Según datos recientes del Consejo del Poder Judicial, sólo en 21 de las 530 resoluciones judiciales estudiadas se apreció la influencia del consumo de sustancias alcohólicas o estupefacientes y en cuatro, la afectación psíquica. La escasa incidencia de este aspecto en la comisión del delito y en su castigo no resta importancia a un debate que confronta el garantismo del entramado jurídico español con la búsqueda de una mayor efectividad en la lucha contra lacras sociales como la que sigue costando la vida a varias decenas de mujeres año tras año.
Puede ser razonable, como sostienen las asociaciones profesionales, que el juez siga disponiendo de la capacidad para discernir cuándo un acusado tuvo la intención premeditada de maltratar y recurrió al alcohol para envalentonarse; y cuándo la ingesta de sustancias nocivas mermó sus facultades psíquicas pero sin que existiera un propósito deliberado de matar o atacar.

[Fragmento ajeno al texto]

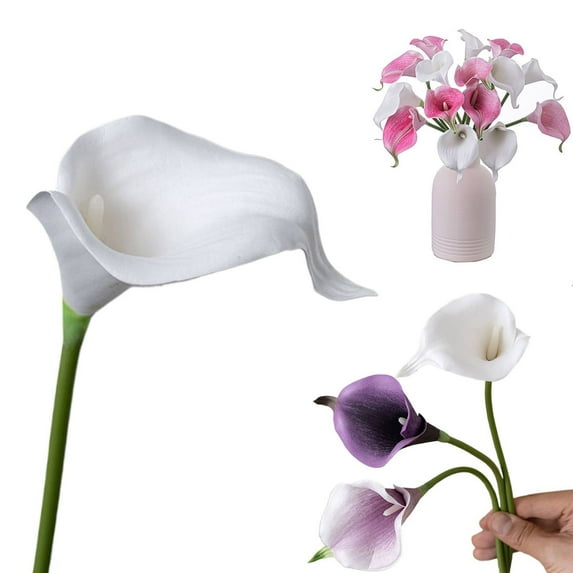 Verdsylv Artificial Calla Lily, 1 Stem Calla Lily Artificial Flower - Realistic Floral Arrangement for Wedding Home Table Centerpiece Party Decor, Wedding Floral Arrangement, White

Pero, al tiempo, resulta una ingenuidad argumentar que puede asociarse inadecuadamente el alcohol a la violencia machista, relativizando las causas más profundas de ésta. Antes al contrario, la consideración de este consumo como un posible atenuante de la pena -tal y como un jurado popular acaba de aplicar al psiquiatra que mató a la joven Nagore Laffage- tiende a trivializar el daño provocado y puede acabar haciendo prevalecer la razón legal del maltratador sobre la legítima defensa de la víctima.